What needs to be done
Below are the records; print them again exactly and omit the pictures.

[Web page caption snippets]
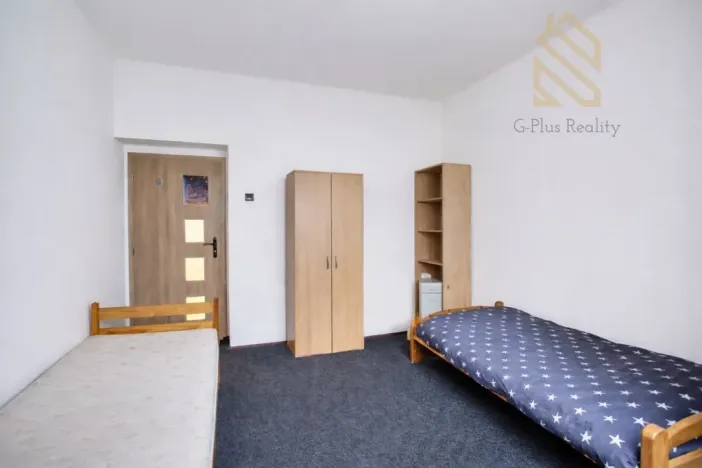 Prodej bytu 3+1, Hořovice, Pražská, 89 m2
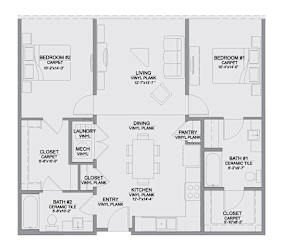 Luxury Nashville Apartments for Rent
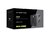 Conceptronic ZEUS07E conceptronic szünetmentes 1000va - zeus07e (4x iec c13, line-interaktív, rj45 vonalvédelem, hid usb, fekete)
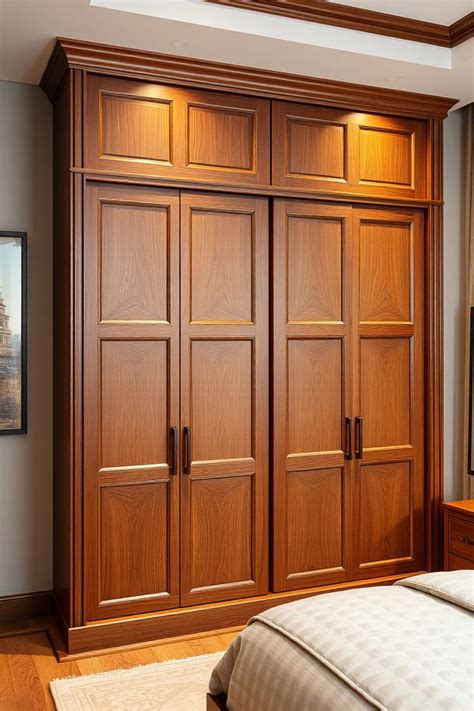 Designer Door - Premium Flush Doors & Custom Woodcraft Solutions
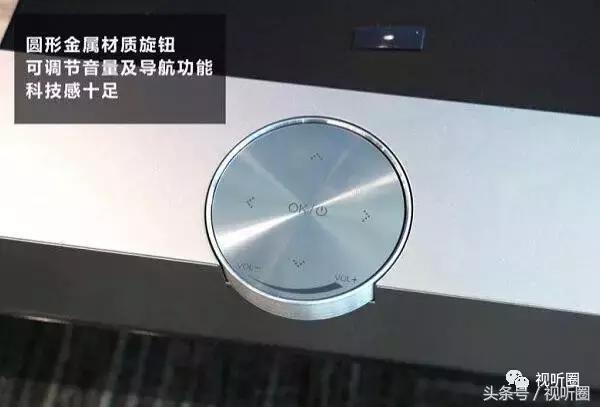 OLED電視和激光電視的未來之爭要提前了嗎？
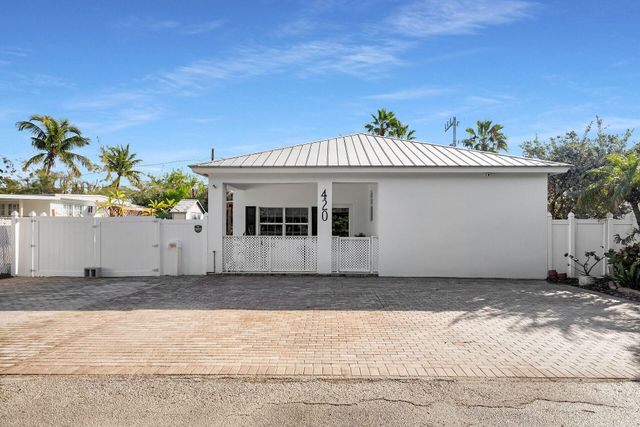 420 17Th Court Gulf, Marathon, FL 33050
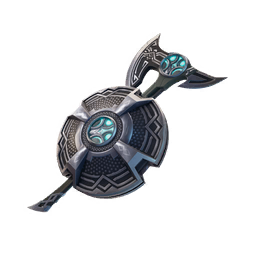 Skullcracker Pack — Fortnite back bling icon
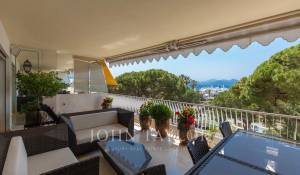 Vente Appartement Cannes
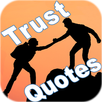 Trust Quotes APK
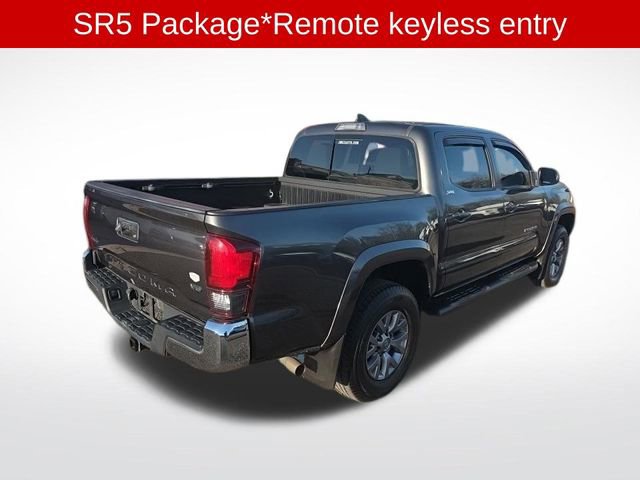 Used 2019 Toyota Tacoma SR5 AWD/4WD image 4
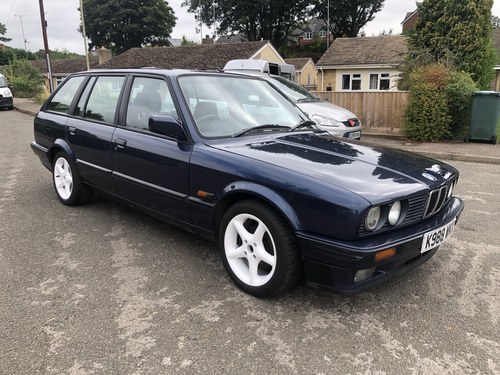 1992 BMW 325i Touring For Sale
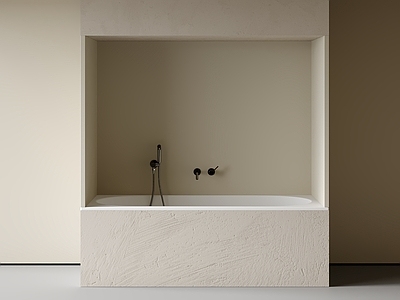 浴缸 嵌入式浴缸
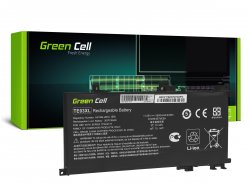 Акумулятор Green Cell TE04XL для HP Omen 15-AX202NW 15-AX205NW 15-AX212NW 15-AX213NW, HP Pavilion 15-BC501NW 15-BC505NW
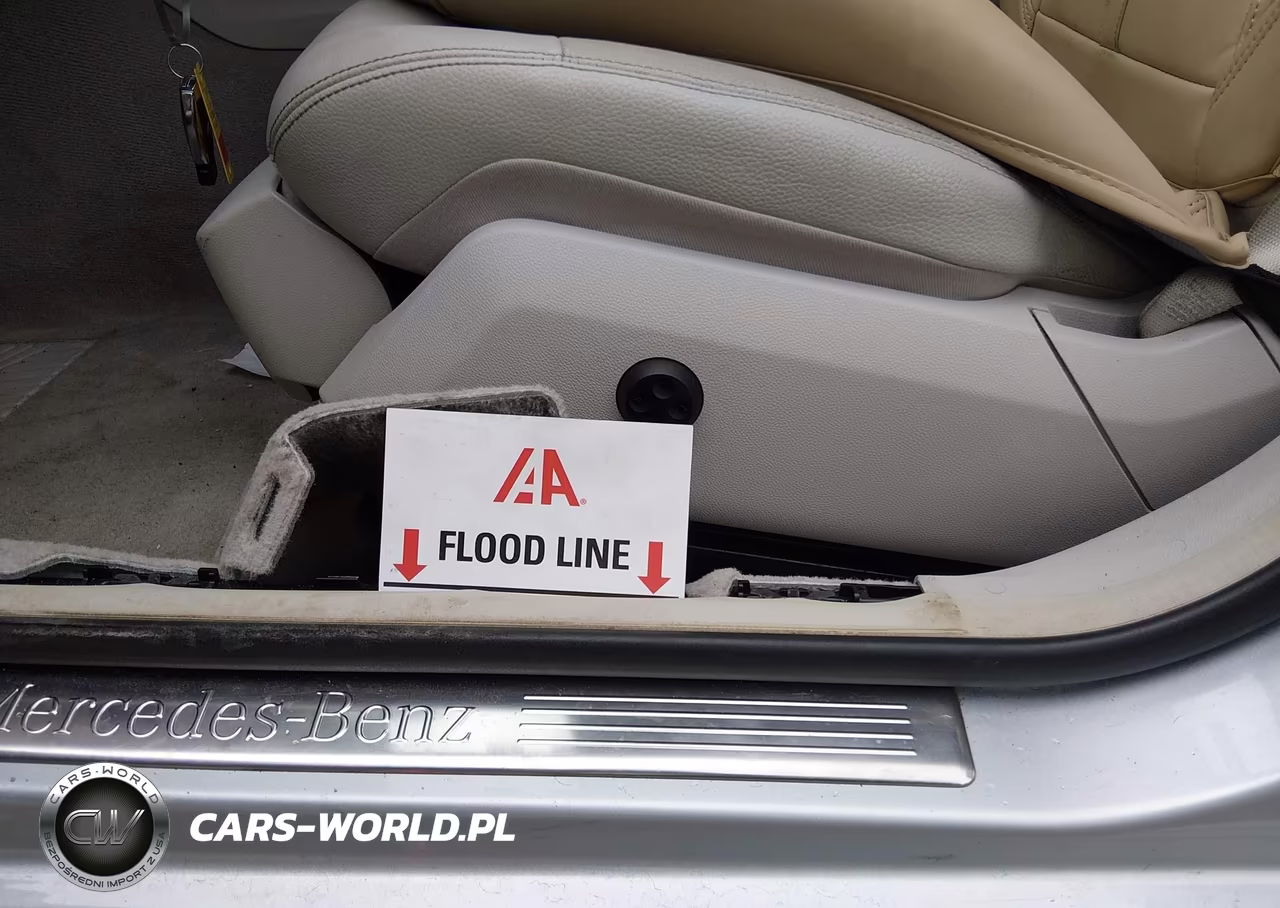 2014 Mercedes-Benz E 350 4Matic VIN:WDDHF8JB0EA982457 - 6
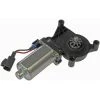 Dorman Power Window Motor - Front Left, 742-921
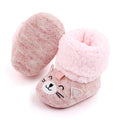 Babeside 17" - 22" Reborn Baby Dolls Winter High Top Shoes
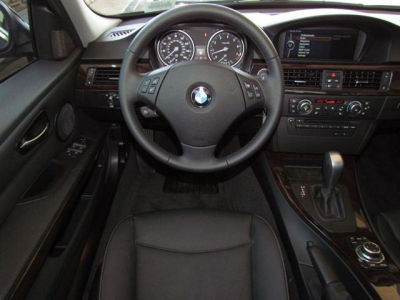2011 BMW 328  i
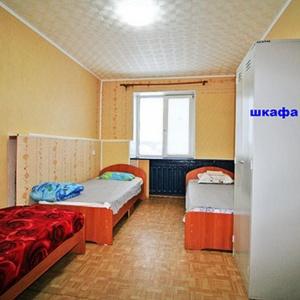 Accomodation facility Apartments on Energetikov, 36
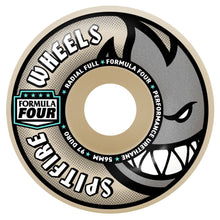 Load image into Gallery viewer, Spitfire F4 Radial Full Wheels 97a

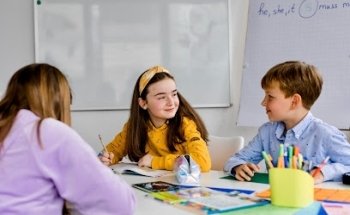 English Kids Club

Response area
 Prodej bytu 3+1, Hořovice, Pražská, 89 m2
 Luxury Nashville Apartments for Rent
 Conceptronic ZEUS07E conceptronic szünetmentes 1000va - zeus07e (4x iec c13, line-interaktív, rj45 vonalvédelem, hid usb, fekete)
 Designer Door - Premium Flush Doors & Custom Woodcraft Solutions
 OLED電視和激光電視的未來之爭要提前了嗎？
 420 17Th Court Gulf, Marathon, FL 33050
 Skullcracker Pack — Fortnite back bling icon
 Vente Appartement Cannes
 Trust Quotes APK
 Used 2019 Toyota Tacoma SR5 AWD/4WD image 4
 1992 BMW 325i Touring For Sale
 浴缸 嵌入式浴缸
 Акумулятор Green Cell TE04XL для HP Omen 15-AX202NW 15-AX205NW 15-AX212NW 15-AX213NW, HP Pavilion 15-BC501NW 15-BC505NW
 2014 Mercedes-Benz E 350 4Matic VIN:WDDHF8JB0EA982457 - 6
 Dorman Power Window Motor - Front Left, 742-921
 Babeside 17" - 22" Reborn Baby Dolls Winter High Top Shoes
2011 BMW 328  i
 Accomodation facility Apartments on Energetikov, 36
 Load image into Gallery viewer, Spitfire F4 Radial Full Wheels 97a

 English Kids Club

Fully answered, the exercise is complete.